__Task description__: Beginning with the line that contains "Re:Designed Project 86", reproduce every line through the end of the records below exactly, and leave the pictures out.

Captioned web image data
========================================================================

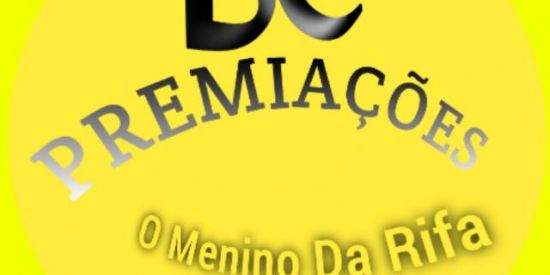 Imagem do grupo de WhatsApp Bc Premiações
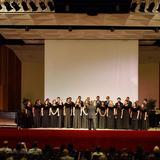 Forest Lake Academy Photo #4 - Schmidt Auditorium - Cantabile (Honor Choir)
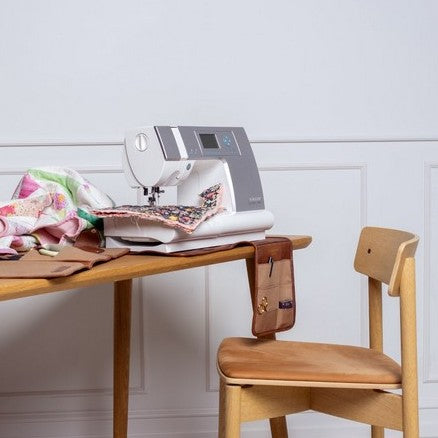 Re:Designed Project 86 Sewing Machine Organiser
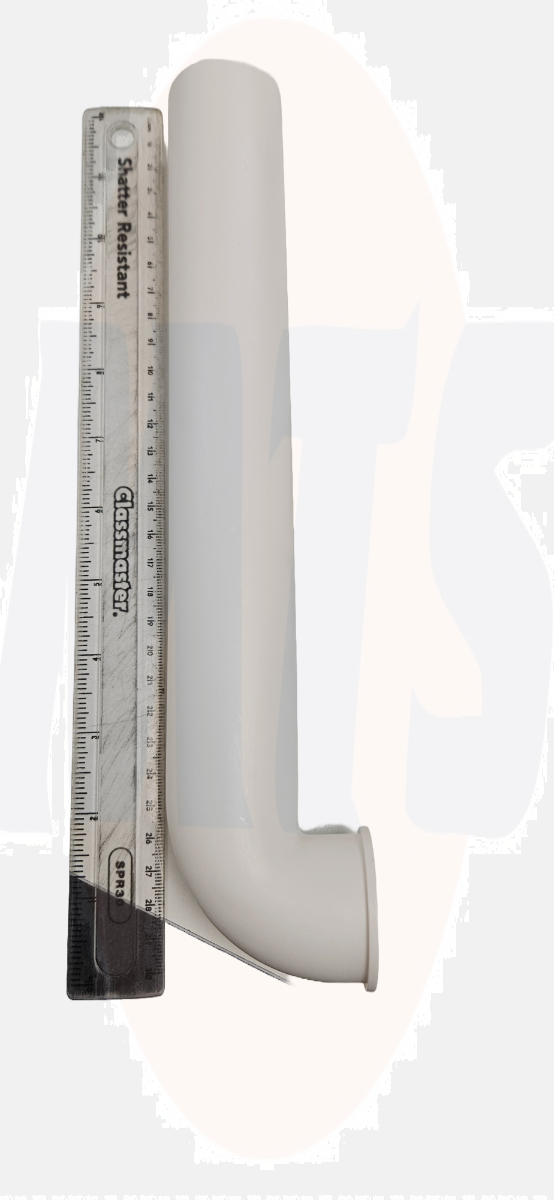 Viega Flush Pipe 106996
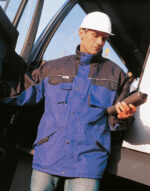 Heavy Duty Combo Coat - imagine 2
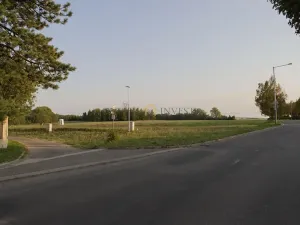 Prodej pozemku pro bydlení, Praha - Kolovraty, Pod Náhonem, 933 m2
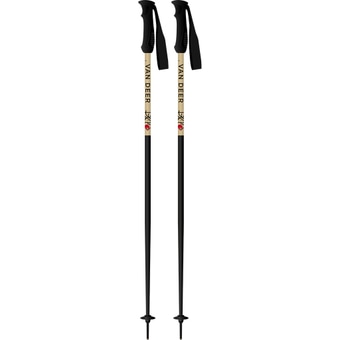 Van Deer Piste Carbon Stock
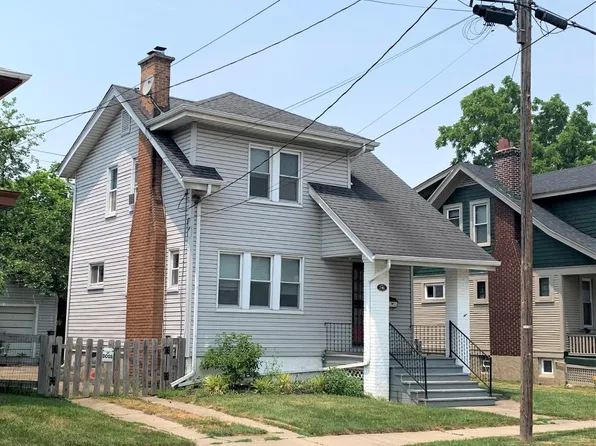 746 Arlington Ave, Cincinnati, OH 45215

========================================================================

__Written answer__:
 Re:Designed Project 86 Sewing Machine Organiser
 Viega Flush Pipe 106996
 Heavy Duty Combo Coat - imagine 2
 Prodej pozemku pro bydlení, Praha - Kolovraty, Pod Náhonem, 933 m2
 Van Deer Piste Carbon Stock
 746 Arlington Ave, Cincinnati, OH 45215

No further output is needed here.